If you don't want to dive into the technical details, here's a simple guideline for staying within the default rate limits:

Submit documents at ~1 POST per second (1 document per second).
Poll for results using GET with exponential backoff — start with a short interval (e.g., 1 second), then double it on each retry until results are ready.
Use webhooks whenever possible — webhooks notify you when processing completes, eliminating the need to poll entirely. This is our recommended approach.

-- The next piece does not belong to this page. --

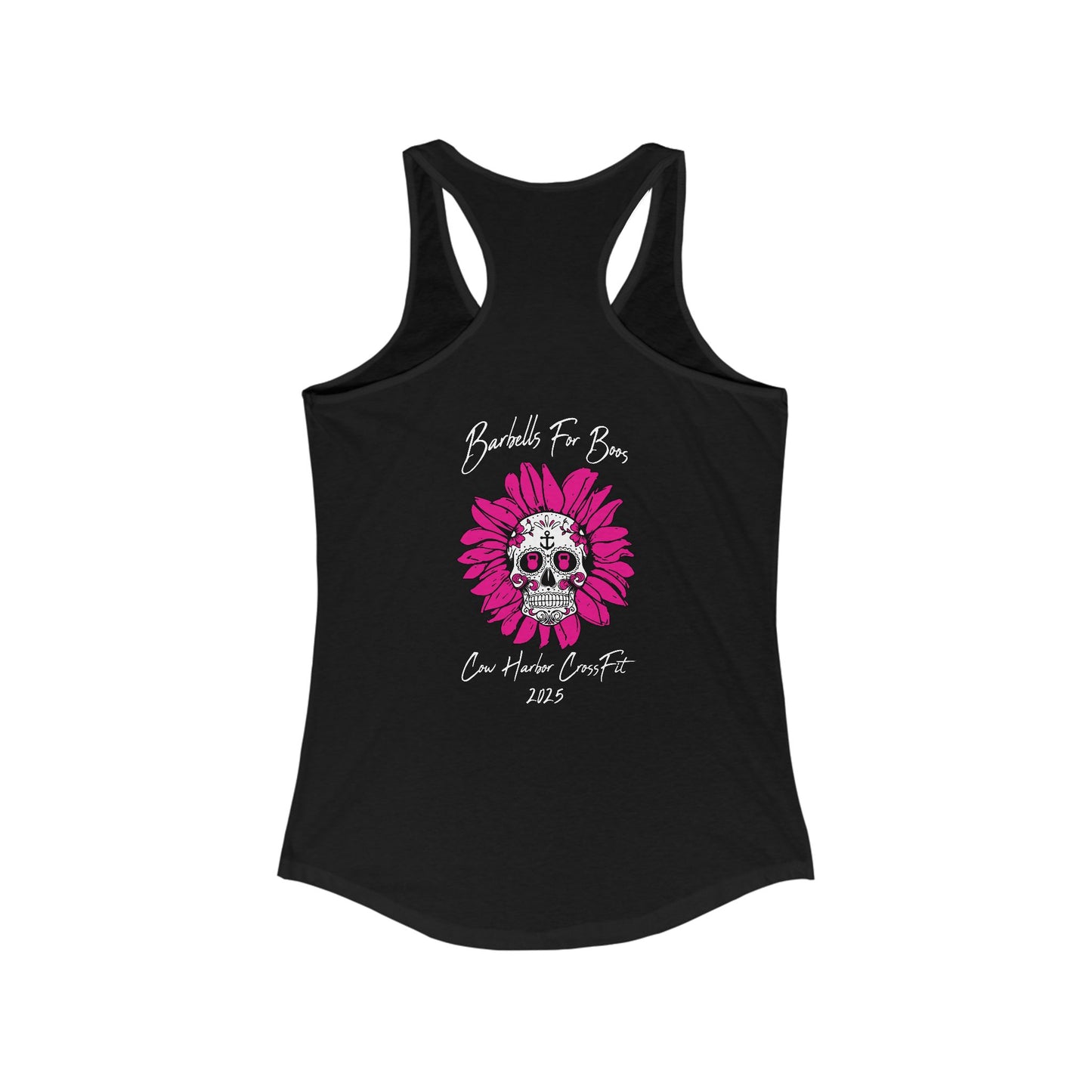 Barbells for Boos Racerback 2025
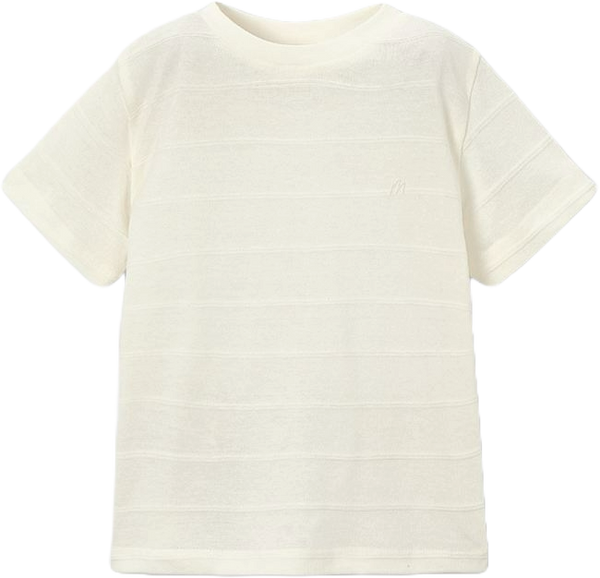 [3.061] Tonal Striped Dressy T-shirt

Following this pattern, you'll comfortably stay within the default rate limits without needing to track tokens or bucket capacity. Read on if you want to understand the full details or optimize for higher throughput.

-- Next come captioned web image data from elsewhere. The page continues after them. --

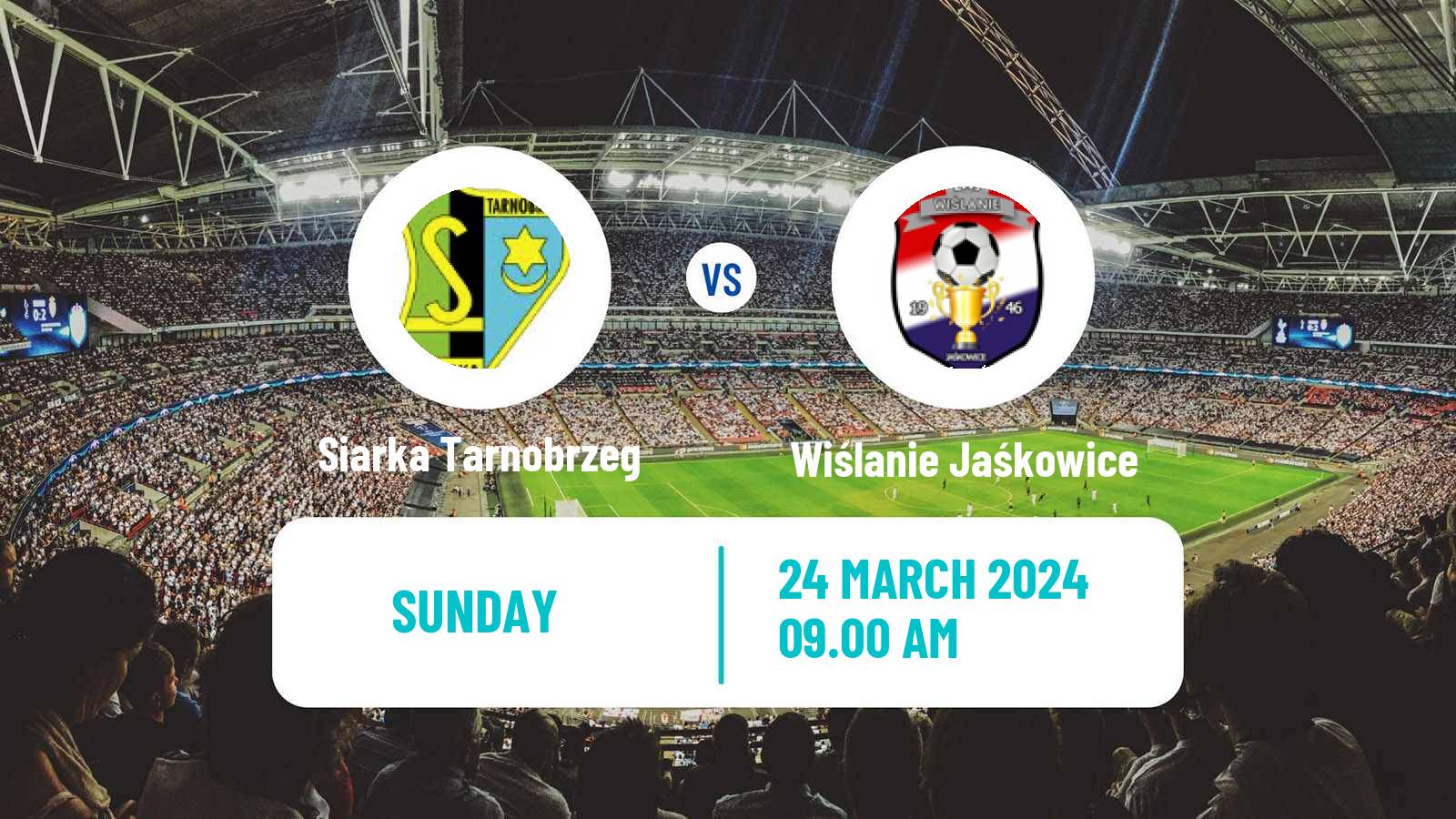 Soccer Polish Division 3 - Group IV Siarka Tarnobrzeg - Wiślanie Jaśkowice
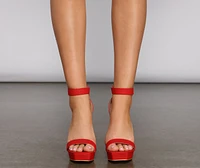 Stylish Stunner Platform Block Heels
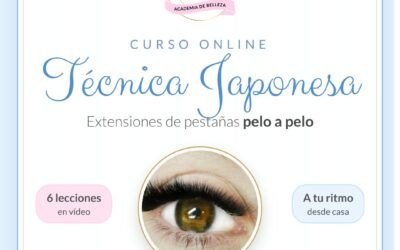 Curso Online de Extensiones de Pestañas Pelo a Pelo (Técnica Japonesa)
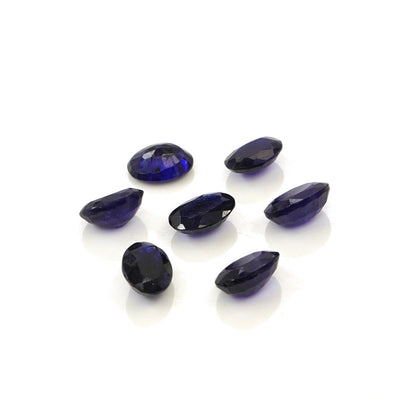 Natural Bangkok Blue Sapphire Calibrated Ovals | 5x7mm & 6x8mm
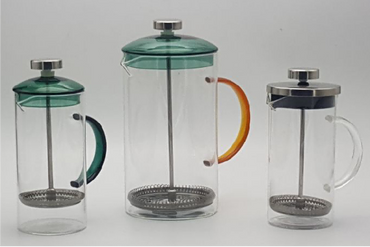 Glass Coffee Plunger with Glass Cup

Understanding Our Rate Limits

Token-Based Request Costs

Every API request consumes rate limit tokens from your allocated bucket. This rate-based accounting system is separate from billing credits. Rate limit tokens never cost money; they only limit how rapidly you can make calls. The cost in tokens depends on the HTTP method used:

GET requests: Cost 1 token each
POST requests: Cost 10 tokens each
DELETE requests: Cost 10 tokens each

We don’t differentiate between API endpoints for rate limits. Only the HTTP method affects the number of tokens consumed.

Steady-State and Bursting

Subscribed non-enterprise users receive a continuous replenishment of rate limit tokens at 1,800 tokens per minute. This steady influx supports:

About 3 POST/DELETE requests per second (3 * 10 tokens = 30 tokens per second, or 1,800 tokens per minute).
About 30 GET requests per second (30 * 1 token = 30 tokens per second, again totaling 1,800 tokens per minute).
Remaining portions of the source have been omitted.